Source: http://www.bbc.co.uk/news/uk-politics-29581058

The ending of the Communist Manifesto was “working men of the world unite! You have nothing to lose but your chains!”

This in many ways can summarize UKIP at the moment. After an extraordinary by-election week, UKIP have gained their first seat in the seaside town of Clacton and nearly won in the seat of Middleton and Heywood as well. Everything looks up for the UKIP party. The map shows they are likely to make big gains across the country. As for the Labour and Tories, a hope of an outright majority fades to grey. Why is UKIP doing so well? Is there concern for the rise of this party? What are the prospects for the party in the future?

There are various causes for UKIP success. People are unhappy with immigration and this is turning millions to UKIP. UKIP have successfully linked the EU free movement of labour with immigration.

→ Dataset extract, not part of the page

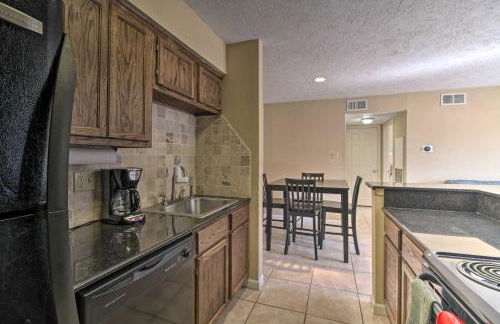 Game Day Retreat Pool Access, 2 Mi to Texas A and M - Foto 9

But wider causes are really at stake here. The book Revolt on the Right: Explaining Support For The Radical Right In Britain by Robert Ford and Matthew Goodwin argues that a lot of the people who voted for UKIP are older working class males who have been left behind by the growth of globalisation. They have become sceptical of the establishment and feel alienated by the rise of liberalism.

In many ways, economic liberalism and social liberalism have made many people go over to the UKIP party – and this is why a lot of younger voters will fear UKIP. UKIP  and their voters are far less liberal than the current younger generations. According to one poll done by the Guardian in May 2014, shows 27% of UKIP voters strongly disagreeing with same sex marriage should have the same rights as heterosexuals. Liberal minded students beware UKIP! However UKIP voters aren’t ex-Tory free market Thatcherites as many would believe; UKIP voters according to a 2013 YouGov poll 73% want to renationalise railways and 78% want to renationalise energy companies.

UKIP voters are probably what you could call Communitarian. Communitarians are people who believe that people have an attachment to their communities in which they are from and whose identity is heavily shaped by the society in which they are in. In a political context, Communitarians are conservative on social issues but prefer government interference in the economy. Before 1997, Labour had significant affiliations with voters of the UKIP party in the sense that Labour party MPs had significant ties to their local communities . That is obviously no longer the case, as Labourites are as middle class as the Tories. Furthermore, Labour and the left in Europe post-Thatcher have ditched communitarianism for individualist liberalism. That has meant the Left has paid the price dearly. This is in Europe as well as in Britain.

Various questions are raised from all this.  Firstly, isn’t communitarianism a lost cause in the 21st century? Yes and no. Whilst the white working class will fade out to the growth of the middle class, which is a bastion of economic and social liberalism. Yet by 2050, ethnic minorities are expected to be around 30% of the population and according to the Policy’s Exchange’s A Portrait of Modern Britain, ethnic minorites are more likely to married compared with cohabiting with a partner and are far more likely to be religious.

Could UKIP become a Communitarian cause? In many ways it already has; indeed interestingly it stands out as trying to not be liberal despite Farage calling UKIP a “Liberal party”. Opposition to immigration could be considered as conservative on social issues.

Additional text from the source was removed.